The longer we’re here, the more I find myself noticing the little things. When we first moved to the desert, I continually marveled at the sweeping vistas, the pink-hued sunsets and the snow-capped ridges. Now my eyes drift down to the ground seeking out bugs or parsing the trees with binoculars in search of birds. I had some really good bug sightings this summer and managed to capture a few of them with the camera.
The dragonflies were abundant and amazing, and I finally figured out that they molt out of their nymph stage leaving behind a bug husk. They emerge as a translucent-winged creature before finally gaining their beautiful brilliant color.
On one occasion, while trying to pick some salt grass out of the walkway, I almost grabbed a praying mantis that totally blended into the green mass of grass.
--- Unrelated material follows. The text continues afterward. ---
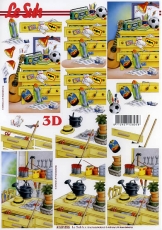 3D-Bogen Schubladen-Schrank von LeSuh (4169856)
I saw quite a few around the house this summer. I could sit and watch them all day. They can actually move pretty quickly at times. I even read a piece in the New York Times claiming that they not only eat other bugs but can attack humming birds, punching through their skulls to eat their brains. They are a formidable bug, perhaps to be both feared and admired.
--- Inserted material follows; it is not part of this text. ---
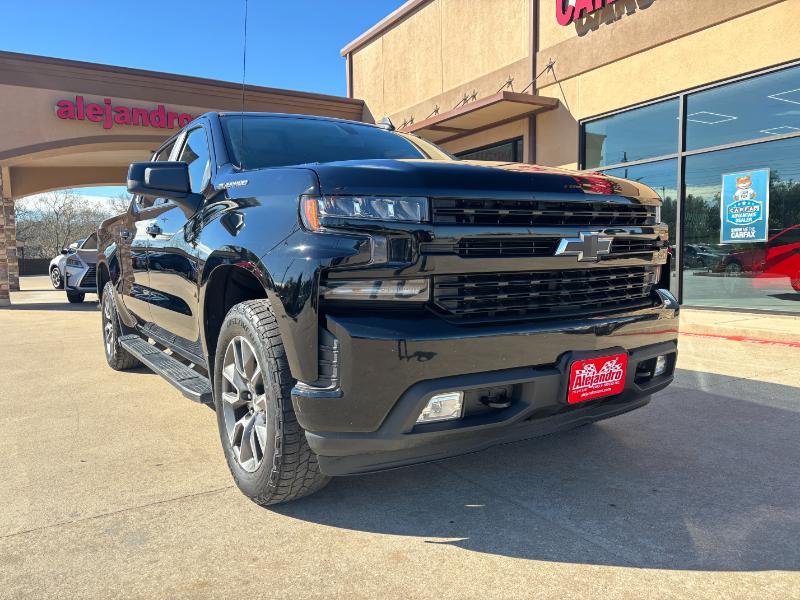 2020 Chevrolet Silverado 1500 RST Crew Cab 2WD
And don’t get me started on the frogs. It was a good year for frogs here. They were all over our yard. I couldn’t take three steps without having multiple tiny frogs leaping to get out of the way. It was almost comical at times. Usually they would congregate on some potted tomato and pepper plants we had sitting in the backyard. They especially liked the bell peppers and would pile up on one another perhaps because the real estate was a bit limited.
Butterflies and moths were in abundance as well. A Swallowtail butterfly and a Blinded Sphinx moth were especially pretty (at least, I think that’s what they are thanks to a quick internet search).
In the past we’ve seen coyotes come into the yard this time of year to feast on olives courtesy of the Russian olive trees. This year however, the raccoons have taken over. We’ve counted no less than seven and frequently see a family of four traipsing around gathering olives on the ground or climbing the trees to get better access.